Concern over the U.S. trade and budget deficits had powered the euro to a series of new peaks over recent weeks, and the 12-nation currency has shot up from around $1.20 in September.
However, traders are now squaring positions and awaiting next week’s meeting of the U.S. Federal Reserve, which is expected to boost interest rates for the fifth time this year, Mueller said. He argued that the euro could drop further by the end of the year, to between $1.2930 and $1.30.
The dollar also posted new gains against the Japanese yen in Asian trading, reaching a new three-week high of 105.47 yen. It bought 105.22 yen in late trading in Tokyo – up 1.22 yen from late Thursday and also above the 104.50 yen in New York later that day.
The British pound was quoted at $1.9027, down from $1.9173.
“Corrective dollar purchases will likely last for some more time. The dollar might rise to around 106 yen and $1.30 (to the euro) during this correction process,” said Masaki Fukui, senior vice president of foreign exchange at Mizuho Corporate Bank in Tokyo. “Hedge fund players want to lock in profits (by buying back dollars) before the Christmas and New Year holidays.”
The U.S. currency got a lift this week from weaker-than-expected economic data in Japan, which stoked concerns that the country’s recovery is slowing, and from a U.S. Energy Department report that U.S. stocks of crude and heating oil rose more than expected last month.

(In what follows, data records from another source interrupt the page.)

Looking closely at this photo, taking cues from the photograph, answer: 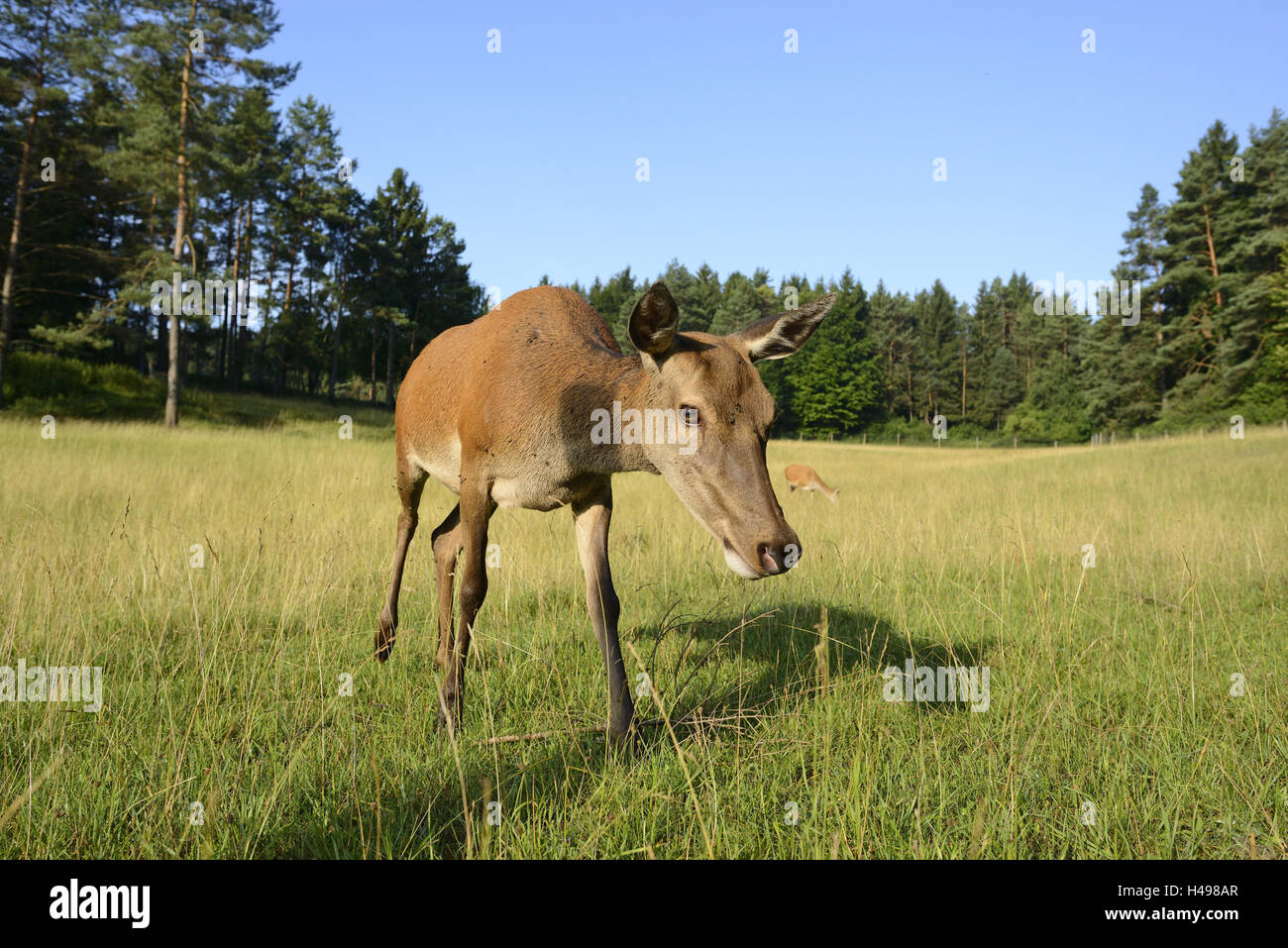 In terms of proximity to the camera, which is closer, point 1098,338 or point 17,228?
point 17,228

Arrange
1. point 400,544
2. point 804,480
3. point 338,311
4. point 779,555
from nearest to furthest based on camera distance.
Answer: point 779,555 < point 400,544 < point 804,480 < point 338,311

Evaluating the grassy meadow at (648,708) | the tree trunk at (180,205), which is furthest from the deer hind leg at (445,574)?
the tree trunk at (180,205)

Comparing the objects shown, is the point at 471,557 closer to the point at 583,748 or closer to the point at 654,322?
the point at 583,748

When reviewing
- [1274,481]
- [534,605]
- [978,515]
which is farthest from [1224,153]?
[534,605]

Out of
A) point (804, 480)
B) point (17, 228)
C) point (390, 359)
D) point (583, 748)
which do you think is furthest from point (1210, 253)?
point (17, 228)

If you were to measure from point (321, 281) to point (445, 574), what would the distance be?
4907 centimetres

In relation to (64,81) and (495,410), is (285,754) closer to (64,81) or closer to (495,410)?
(495,410)

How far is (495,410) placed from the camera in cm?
344

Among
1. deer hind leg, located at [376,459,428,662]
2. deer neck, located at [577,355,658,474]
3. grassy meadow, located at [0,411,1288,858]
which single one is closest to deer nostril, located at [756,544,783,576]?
grassy meadow, located at [0,411,1288,858]

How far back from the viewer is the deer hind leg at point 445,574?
12.1ft

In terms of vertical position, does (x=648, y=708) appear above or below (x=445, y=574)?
below

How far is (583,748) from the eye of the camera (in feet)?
10.5

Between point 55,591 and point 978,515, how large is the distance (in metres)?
11.4

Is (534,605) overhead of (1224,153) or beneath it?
beneath
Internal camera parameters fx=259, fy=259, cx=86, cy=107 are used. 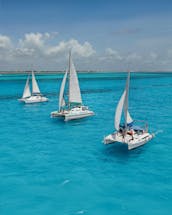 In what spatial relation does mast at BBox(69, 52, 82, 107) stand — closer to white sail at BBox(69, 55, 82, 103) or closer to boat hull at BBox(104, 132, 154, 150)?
white sail at BBox(69, 55, 82, 103)

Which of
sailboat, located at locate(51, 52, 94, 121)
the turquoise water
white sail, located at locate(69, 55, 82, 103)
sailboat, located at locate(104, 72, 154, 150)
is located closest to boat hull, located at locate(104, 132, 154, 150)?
sailboat, located at locate(104, 72, 154, 150)

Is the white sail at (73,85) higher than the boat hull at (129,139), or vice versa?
the white sail at (73,85)

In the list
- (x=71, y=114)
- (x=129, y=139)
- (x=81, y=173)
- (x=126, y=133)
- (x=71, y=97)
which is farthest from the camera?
(x=71, y=97)

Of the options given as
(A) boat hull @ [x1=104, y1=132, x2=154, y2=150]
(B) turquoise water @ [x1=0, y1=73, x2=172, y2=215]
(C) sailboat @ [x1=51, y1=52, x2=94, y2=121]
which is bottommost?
(B) turquoise water @ [x1=0, y1=73, x2=172, y2=215]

The currency also has benefited from the perception that the Federal Reserve will continue to raise U.S. interest rates, while rate hikes are on hold elsewhere.
The central banks of Britain, Sweden, South Korea, Chile, South Africa and New Zealand all left their benchmark lending rates steady Thursday, while their counterparts in Canada and Australia stood pat earlier in the week.
Higher U.S. interest rates make U.S. bonds more attractive to investors, thereby supporting the dollar. Economists expect the Fed to boost its key rate by a quarter percentage point next week to 2.25 percent – a move that would take it above the European Central Bank’s main refinancing rate, which has stood at 2 percent since June 2003.
A weak dollar can help the U.S. economy, at least in the short term, by making American products cheaper for buyers abroad. European officials and executives worry the strong euro could hurt their economic recovery by making the continent’s exports more costly abroad.